Here, instead, I will present some common methods of extracting pinch-off voltages using Python. I did a previous post on a similar subject. Together they can be quite handy for extracting information fast from 1D data. Of course, they can be generalized for 2D also, but the here we focus on device measurements and not spectroscopy. In fact, for the 2D plots I analysed, I handled them as a list of 1D data, so I applied immediately similar routines, instead of 2D ones.

As always, this is a simple tutorial that only requires minimal knowledge of derivatives. At the end of the post, I will also give you the paper where this is practiced, as well as data of lots of measurements on quantum point contacts (QPC) where you can practise.

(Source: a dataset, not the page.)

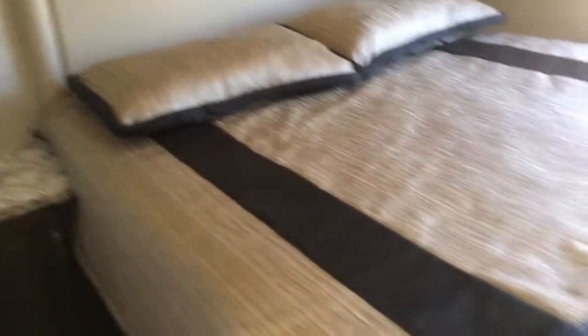Here's the bedroom — I love that there's a table here where you can set your book, newspaper, glasses, or a drink. There's LED lighting and storage up above, a nice big window in the back, and it's a walk-around bed. It's a full bed — you don't have to fold it up, and there's extra storage underneath.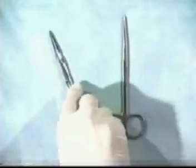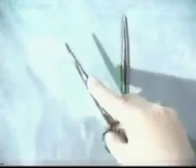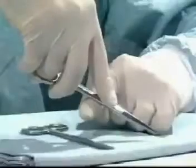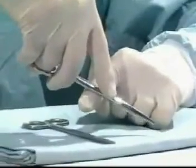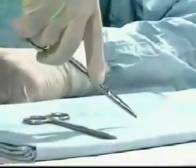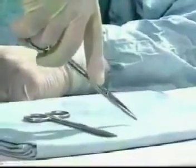If you're cutting sutures at depth, such as in the pelvis, it's often wise to stabilize the instrument over your index finger. This allows for accurate cutting and prevents tremor down a deep dark hole.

But let’s see this in examples:

## Interpolation

First, we need to look into the type of data that we have. For the simple cases numpy or scipy interpolation will suffice. Taking a look at the list of cases, you can maybe locate your type of data. This was sufficient for example, for the pinch-off voltages of 1D current-voltage data (figure below). The new way of locating the ‘bumps’ here is that I used a constant value for the percentage below the peak of the dI/dV peak point (If you don’t remember the rules, plenty of resources to help you). But maybe reading carefully you can find an even more accurate way. The equivalent piece of code is:

`f = interpolate.interp1d(I, V, fill_value="extrapolate", bounds_error=False, kind="linear")`

where you can tweak the settings to get other types of interpolation like cubic etc., and of course, extrapolate if the value that we seek to find is outside the given data range.

## Linear Regression

The same work can be done with linear regression. Slightly more heavy, but I found it worked better for the same problem described above.

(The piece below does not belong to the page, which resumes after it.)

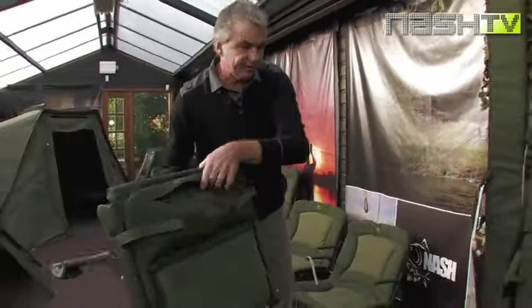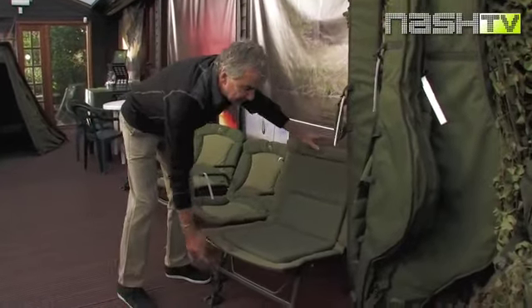It's got a little pocket in there for your shoulder strap. Perfect for the mobile angle, stalking or as a guest chair.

For various reasons, interpolation (extrapolation) might not work at all. For example, 2D data, when decomposed into a list of 1D data, then some of the plots may not reach zero current. Take a look at the figure below, where the experimentalists were biasing one gate of a quantum point contact (V_{top}) at different values of the second gate voltage (V_{bot}). Here, at higher V_{bot}, V_{top} does not get to fully deplete the channel. For this, it also helps to cut out parts of the data, setting limits in either x or y values.

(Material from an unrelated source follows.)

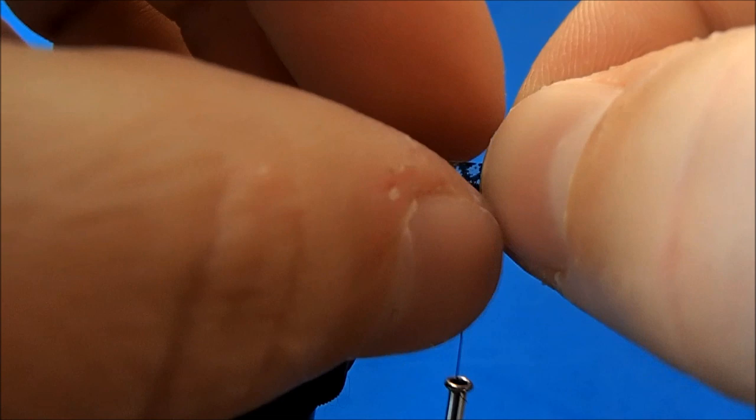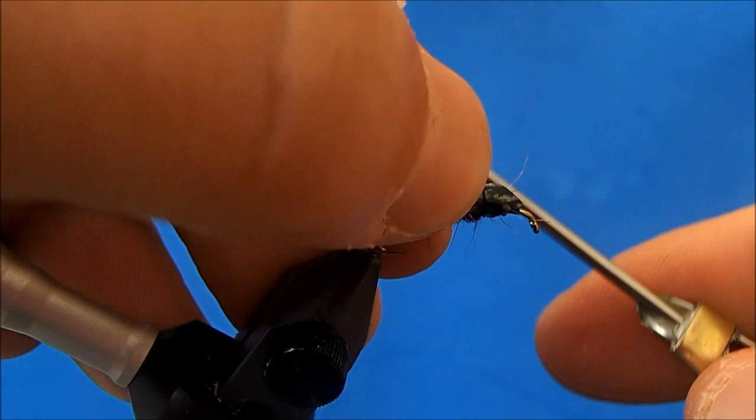Each subsequent thin skin section will be obviously shorter than the one before it, covering the middle of the thorax area.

For the 2D, the full data are shown below. You can see that it does not even make sense to search at higher voltages.

For linear regression, you can also also choose between linear and polynomial regression. For example, take a look at this data below, which are taken from 3D simulations. The behaviour of the charge density (at a point or integrated) as a function of gate voltage differs under the gate from under the surface between two gates in a QPC. While simple interpolation may work for the orange curve, for the blue curve, I could get nicer results with polynomial regression.

This now has passed to the realm of supervised learning, so you can find more ideas from the scikit-learn website. If you are a student or someone who has a bit of time, you can try out different techniques, it’s quite a good practise.

That being said, it does not mean that interpolation does not work nicely with the right kind of data or the right kind of handling. Take a look at the plot below where I locate the pinch-off voltages in 2D current-voltage data using interp1d from scipy.interpolate after cutting out the first N number of points in the array for each V_{bot}. (The color of each dashed line corresponds to the color of the solid line). Quite neat, hah?

As I promised, you can find the dataset on zenodo here, while if you are using, please don’t forge to reference the work that created the data:

E. Chatzikyriakou, J. Wang, L. Mazzella, A. Lacerda-Santos, M. Cecilia da Silva Figueira, A. Trellaxis, S. Birner, T. Grange, C. Bäuerle, X. Waintal, “*Unveiling the charge distribution of a GaAs-based nanoelectronic device: A large experimental data-set approach”, Phys. Rev. Res., Dec 2022, doi: 10.1103/PhysRevResearch.4.043163*

This project received funding from the European Union’s Horizon 2020 research and innovation programme under the Marie Skłodowska-Curie **grant agreement No**: 840550.